→ TASK: Look through the data below. Show each line where the string "Winter" occurs.

→ INPUT:
╭──

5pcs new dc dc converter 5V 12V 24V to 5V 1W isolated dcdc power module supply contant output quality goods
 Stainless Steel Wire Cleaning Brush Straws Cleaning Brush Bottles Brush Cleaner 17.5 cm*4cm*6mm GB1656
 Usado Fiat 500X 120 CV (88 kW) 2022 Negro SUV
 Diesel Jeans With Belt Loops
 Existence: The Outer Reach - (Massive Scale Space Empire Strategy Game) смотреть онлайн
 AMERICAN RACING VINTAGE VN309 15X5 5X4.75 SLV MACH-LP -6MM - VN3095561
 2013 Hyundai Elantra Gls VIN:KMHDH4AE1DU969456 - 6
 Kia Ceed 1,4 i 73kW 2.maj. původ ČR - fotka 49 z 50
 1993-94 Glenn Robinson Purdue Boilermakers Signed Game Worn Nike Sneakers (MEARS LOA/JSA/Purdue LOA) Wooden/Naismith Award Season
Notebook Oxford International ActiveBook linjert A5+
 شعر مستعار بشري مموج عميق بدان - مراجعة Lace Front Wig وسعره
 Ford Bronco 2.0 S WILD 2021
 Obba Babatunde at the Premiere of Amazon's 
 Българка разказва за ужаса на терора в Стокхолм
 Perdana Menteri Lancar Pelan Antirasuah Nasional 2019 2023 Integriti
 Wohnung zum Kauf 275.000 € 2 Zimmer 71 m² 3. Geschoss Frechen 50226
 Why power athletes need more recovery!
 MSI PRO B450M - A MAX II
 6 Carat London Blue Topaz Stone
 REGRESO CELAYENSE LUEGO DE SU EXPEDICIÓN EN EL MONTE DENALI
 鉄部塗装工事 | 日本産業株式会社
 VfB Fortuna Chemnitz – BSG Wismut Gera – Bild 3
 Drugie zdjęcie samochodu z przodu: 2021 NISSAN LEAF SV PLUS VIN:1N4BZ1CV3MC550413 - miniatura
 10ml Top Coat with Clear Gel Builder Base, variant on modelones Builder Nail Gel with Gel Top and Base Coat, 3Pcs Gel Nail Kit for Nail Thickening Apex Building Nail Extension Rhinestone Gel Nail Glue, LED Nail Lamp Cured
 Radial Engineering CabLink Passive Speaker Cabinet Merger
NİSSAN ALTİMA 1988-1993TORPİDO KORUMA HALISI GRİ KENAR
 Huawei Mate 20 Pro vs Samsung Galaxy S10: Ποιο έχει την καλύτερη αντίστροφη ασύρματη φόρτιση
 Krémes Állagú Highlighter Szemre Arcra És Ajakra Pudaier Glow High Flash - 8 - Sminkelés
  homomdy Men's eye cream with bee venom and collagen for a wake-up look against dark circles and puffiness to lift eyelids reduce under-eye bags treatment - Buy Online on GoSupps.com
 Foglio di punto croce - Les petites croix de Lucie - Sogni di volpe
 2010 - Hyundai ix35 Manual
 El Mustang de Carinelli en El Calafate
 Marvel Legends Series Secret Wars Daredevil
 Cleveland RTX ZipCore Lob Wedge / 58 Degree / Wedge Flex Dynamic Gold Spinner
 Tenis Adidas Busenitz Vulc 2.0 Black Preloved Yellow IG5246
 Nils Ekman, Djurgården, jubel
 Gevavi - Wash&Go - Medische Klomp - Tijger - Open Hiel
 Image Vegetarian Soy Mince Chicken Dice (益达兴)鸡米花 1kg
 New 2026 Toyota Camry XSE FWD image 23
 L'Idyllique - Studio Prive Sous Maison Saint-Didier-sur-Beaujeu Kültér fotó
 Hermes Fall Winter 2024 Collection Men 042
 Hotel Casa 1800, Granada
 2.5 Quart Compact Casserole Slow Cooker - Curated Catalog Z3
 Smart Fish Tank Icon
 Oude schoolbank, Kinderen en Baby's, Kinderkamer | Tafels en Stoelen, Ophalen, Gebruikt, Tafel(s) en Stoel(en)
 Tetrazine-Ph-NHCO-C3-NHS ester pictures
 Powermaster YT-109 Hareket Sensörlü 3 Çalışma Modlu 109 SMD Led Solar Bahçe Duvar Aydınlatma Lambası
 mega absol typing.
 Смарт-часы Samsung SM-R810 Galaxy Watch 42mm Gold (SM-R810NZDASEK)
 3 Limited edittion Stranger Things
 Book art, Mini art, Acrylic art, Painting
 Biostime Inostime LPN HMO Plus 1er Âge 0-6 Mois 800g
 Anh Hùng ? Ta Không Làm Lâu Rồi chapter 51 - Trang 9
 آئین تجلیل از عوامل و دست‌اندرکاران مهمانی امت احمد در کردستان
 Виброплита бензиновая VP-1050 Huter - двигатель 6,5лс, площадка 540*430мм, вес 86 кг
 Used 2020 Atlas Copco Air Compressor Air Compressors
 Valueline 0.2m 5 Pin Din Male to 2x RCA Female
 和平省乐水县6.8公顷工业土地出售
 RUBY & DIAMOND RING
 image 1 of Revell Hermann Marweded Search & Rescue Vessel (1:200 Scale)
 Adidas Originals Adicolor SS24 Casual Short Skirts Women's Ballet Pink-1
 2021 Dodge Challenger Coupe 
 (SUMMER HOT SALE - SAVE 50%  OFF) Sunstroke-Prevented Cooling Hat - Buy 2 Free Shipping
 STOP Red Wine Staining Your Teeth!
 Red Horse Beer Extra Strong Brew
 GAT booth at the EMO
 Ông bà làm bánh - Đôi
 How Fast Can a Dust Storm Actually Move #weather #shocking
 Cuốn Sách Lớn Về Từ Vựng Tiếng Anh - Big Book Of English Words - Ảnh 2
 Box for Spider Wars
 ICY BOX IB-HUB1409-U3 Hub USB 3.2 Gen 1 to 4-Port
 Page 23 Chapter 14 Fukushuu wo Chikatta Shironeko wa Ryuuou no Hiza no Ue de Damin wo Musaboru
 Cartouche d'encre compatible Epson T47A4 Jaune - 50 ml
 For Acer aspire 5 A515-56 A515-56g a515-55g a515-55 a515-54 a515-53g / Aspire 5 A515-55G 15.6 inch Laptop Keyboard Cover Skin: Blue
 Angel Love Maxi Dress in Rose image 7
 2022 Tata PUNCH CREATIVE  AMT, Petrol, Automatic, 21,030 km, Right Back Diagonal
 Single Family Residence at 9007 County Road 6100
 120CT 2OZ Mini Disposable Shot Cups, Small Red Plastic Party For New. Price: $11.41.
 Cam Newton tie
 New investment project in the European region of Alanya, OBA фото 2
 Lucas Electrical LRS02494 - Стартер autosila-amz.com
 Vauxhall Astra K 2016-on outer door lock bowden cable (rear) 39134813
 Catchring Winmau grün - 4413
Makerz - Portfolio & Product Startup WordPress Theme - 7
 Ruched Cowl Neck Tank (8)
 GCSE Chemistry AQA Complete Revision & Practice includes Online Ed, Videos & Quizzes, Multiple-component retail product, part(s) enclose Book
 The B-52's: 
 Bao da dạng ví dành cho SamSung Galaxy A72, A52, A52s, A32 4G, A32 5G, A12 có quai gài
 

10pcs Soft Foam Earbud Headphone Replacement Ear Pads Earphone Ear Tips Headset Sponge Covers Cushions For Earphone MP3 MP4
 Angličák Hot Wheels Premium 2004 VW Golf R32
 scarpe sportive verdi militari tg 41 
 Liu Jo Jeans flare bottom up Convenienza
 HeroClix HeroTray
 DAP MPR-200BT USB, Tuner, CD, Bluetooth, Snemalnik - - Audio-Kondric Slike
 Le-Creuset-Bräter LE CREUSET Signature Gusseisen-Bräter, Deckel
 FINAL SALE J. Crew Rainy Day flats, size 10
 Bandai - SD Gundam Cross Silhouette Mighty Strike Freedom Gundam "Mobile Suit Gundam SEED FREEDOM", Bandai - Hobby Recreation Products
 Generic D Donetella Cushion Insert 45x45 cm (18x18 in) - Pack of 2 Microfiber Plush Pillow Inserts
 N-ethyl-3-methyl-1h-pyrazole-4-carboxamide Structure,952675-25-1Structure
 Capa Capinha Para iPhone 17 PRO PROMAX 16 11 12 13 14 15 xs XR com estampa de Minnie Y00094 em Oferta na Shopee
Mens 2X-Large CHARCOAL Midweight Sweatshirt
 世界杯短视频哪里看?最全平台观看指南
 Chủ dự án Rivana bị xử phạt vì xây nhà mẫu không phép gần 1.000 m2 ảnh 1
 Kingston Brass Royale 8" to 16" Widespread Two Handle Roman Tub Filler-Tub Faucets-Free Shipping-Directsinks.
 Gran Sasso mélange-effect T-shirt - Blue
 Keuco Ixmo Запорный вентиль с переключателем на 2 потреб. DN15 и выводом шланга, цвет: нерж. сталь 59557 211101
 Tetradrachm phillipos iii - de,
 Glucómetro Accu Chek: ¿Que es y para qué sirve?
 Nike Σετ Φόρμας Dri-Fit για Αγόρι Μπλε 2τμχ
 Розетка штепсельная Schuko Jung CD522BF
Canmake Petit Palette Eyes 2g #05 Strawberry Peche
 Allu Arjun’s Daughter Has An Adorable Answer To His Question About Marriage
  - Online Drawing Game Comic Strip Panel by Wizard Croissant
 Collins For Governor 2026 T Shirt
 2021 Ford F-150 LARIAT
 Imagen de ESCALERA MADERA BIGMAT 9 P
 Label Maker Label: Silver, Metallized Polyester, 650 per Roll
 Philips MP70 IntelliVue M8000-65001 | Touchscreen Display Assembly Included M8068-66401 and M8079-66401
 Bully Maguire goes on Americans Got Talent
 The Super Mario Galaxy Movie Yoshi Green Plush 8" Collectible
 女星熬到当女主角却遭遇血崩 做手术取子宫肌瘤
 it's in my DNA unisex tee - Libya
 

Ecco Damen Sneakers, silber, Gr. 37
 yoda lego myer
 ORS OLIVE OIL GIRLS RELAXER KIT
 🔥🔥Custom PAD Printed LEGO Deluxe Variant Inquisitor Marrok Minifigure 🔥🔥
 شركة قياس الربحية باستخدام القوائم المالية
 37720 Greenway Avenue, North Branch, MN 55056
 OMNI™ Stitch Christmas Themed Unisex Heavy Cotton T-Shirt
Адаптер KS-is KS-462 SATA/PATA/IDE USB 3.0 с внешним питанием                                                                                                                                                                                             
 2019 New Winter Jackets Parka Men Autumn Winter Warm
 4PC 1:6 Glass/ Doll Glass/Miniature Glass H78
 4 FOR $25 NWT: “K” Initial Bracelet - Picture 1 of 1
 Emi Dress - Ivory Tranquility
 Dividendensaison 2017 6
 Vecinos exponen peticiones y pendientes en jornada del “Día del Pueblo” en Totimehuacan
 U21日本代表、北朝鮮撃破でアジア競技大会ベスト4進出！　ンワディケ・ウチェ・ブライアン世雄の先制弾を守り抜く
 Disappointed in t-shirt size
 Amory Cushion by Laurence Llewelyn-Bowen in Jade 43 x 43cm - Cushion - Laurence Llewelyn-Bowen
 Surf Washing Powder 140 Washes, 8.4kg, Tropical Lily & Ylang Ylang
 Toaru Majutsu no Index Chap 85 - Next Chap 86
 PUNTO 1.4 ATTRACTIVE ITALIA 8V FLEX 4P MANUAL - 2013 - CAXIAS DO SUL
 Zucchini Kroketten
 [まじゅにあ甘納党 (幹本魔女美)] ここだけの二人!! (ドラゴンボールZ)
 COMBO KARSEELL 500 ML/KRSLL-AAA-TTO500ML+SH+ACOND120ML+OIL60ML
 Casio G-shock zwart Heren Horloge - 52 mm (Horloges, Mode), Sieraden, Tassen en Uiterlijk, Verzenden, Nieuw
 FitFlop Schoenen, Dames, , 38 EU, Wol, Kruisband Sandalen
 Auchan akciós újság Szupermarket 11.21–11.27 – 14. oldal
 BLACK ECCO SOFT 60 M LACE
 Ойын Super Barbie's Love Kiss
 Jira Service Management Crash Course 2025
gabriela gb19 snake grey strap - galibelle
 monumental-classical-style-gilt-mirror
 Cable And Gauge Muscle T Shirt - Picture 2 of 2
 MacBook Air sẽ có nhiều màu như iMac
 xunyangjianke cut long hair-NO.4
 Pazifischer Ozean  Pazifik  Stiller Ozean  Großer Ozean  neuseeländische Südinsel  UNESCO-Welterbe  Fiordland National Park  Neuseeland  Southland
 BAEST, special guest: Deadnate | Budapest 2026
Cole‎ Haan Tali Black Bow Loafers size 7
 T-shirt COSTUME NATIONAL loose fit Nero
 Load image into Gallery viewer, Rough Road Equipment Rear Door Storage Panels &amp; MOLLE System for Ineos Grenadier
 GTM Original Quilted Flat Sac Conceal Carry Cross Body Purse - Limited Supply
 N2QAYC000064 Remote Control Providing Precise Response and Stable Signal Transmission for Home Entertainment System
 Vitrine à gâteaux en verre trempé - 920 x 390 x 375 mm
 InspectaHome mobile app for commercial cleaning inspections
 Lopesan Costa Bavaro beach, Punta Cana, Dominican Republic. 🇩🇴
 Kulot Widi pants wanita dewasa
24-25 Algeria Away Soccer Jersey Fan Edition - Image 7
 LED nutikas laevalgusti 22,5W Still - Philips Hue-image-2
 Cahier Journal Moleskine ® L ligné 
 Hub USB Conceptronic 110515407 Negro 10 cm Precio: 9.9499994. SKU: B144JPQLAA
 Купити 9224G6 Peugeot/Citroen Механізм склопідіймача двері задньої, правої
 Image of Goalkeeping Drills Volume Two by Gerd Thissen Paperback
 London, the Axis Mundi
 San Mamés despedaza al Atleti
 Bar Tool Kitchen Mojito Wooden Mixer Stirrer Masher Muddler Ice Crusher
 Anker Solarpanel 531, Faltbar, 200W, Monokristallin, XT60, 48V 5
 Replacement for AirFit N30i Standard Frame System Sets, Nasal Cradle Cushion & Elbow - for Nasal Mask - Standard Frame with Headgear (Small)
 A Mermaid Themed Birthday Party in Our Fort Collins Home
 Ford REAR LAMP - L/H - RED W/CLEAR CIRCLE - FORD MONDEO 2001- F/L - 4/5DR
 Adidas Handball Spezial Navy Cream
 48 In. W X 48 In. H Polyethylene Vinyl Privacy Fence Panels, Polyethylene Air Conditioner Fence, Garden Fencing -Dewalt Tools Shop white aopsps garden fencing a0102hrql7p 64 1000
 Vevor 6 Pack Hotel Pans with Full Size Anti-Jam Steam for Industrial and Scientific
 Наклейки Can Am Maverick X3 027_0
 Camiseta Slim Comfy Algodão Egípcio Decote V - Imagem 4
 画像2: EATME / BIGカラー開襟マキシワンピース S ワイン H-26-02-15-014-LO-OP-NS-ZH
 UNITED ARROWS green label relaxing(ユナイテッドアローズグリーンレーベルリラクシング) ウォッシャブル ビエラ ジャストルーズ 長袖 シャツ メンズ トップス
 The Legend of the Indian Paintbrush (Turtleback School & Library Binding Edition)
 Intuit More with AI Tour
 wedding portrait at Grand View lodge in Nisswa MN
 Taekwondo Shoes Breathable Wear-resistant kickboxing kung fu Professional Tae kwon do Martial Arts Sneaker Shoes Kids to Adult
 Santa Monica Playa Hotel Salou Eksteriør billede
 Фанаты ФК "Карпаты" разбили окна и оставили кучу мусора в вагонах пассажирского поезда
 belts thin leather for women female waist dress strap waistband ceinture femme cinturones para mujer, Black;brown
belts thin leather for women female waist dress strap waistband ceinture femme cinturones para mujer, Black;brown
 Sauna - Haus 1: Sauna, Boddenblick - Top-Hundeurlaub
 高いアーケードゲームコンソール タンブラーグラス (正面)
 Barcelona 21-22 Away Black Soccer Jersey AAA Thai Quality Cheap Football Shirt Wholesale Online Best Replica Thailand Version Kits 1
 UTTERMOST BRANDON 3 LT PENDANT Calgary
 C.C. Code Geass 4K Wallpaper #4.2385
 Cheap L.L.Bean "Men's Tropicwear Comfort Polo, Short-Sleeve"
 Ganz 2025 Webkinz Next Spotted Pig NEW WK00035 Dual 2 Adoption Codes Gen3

╰──

→ SOLUTION:
 Hermes Fall Winter 2024 Collection Men 042
 2019 New Winter Jackets Parka Men Autumn Winter Warm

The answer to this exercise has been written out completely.